Shalat merupakan ibadah yang sangat penting dalam agama Islam. Salah satu syarat sah dalam melaksanakan shalat adalah kesucian dari hadats dan najis. Jika seseorang tidak mensucikan diri terlebih dahulu sebelum shalat, hal ini dapat menyebabkan shalat menjadi tidak sah.
Dalam pelaksanaannya, shalat berjamaah sangat dianjurkan karena memiliki keutamaan yang lebih tinggi dibandingkan shalat secara munfarid (sendirian). Hal ini sesuai dengan hadits Nabi Muhammad SAW yang diriwayatkan oleh Ibnu Umar RA, yang menyatakan bahwa shalat berjamaah lebih utama daripada shalat sendirian dengan selisih 27 derajat.

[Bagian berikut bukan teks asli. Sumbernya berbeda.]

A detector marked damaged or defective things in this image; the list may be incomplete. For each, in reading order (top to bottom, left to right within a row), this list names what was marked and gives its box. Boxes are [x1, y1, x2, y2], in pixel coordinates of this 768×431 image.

Shalat berjamaah dapat dilakukan di mana saja dan minimal oleh dua orang, kecuali shalat Jumat. Dalam shalat berjamaah, terdapat peran imam dan makmum. Namun, jika terjadi kasus di mana imam masih dalam keadaan berhadats, bagaimana sikap yang harus diambil oleh makmum?
Jika makmum mengetahui bahwa imamnya masih berhadats di awal shalat, maka tidak boleh melanjutkan shalat di belakang imam. Namun, jika kesadaran tersebut muncul di pertengahan shalat, maka makmum wajib untuk berniat mufaraqah (berpisah dengan imam) dan melanjutkan shalat secara individu. Jika kesadaran baru muncul setelah shalat selesai, maka shalat makmum tetap sah dan tidak perlu diulang.
Pendapat ulama juga menegaskan bahwa shalat makmum menjadi batal jika ia nekat melanjutkan shalat bersama imam tanpa segera berniat mufaraqah. Namun, dalam shalat Jumat, terdapat pengecualian di mana jumlah minimal jamaah harus dipenuhi agar shalat Jumat dianggap sah.
Demikianlah penjelasan tentang sikap makmum ketika mengetahui bahwa imamnya masih dalam kondisi berhadats. Semoga informasi ini bermanfaat dan dapat meningkatkan pemahaman kita dalam menjalankan ibadah shalat dengan benar.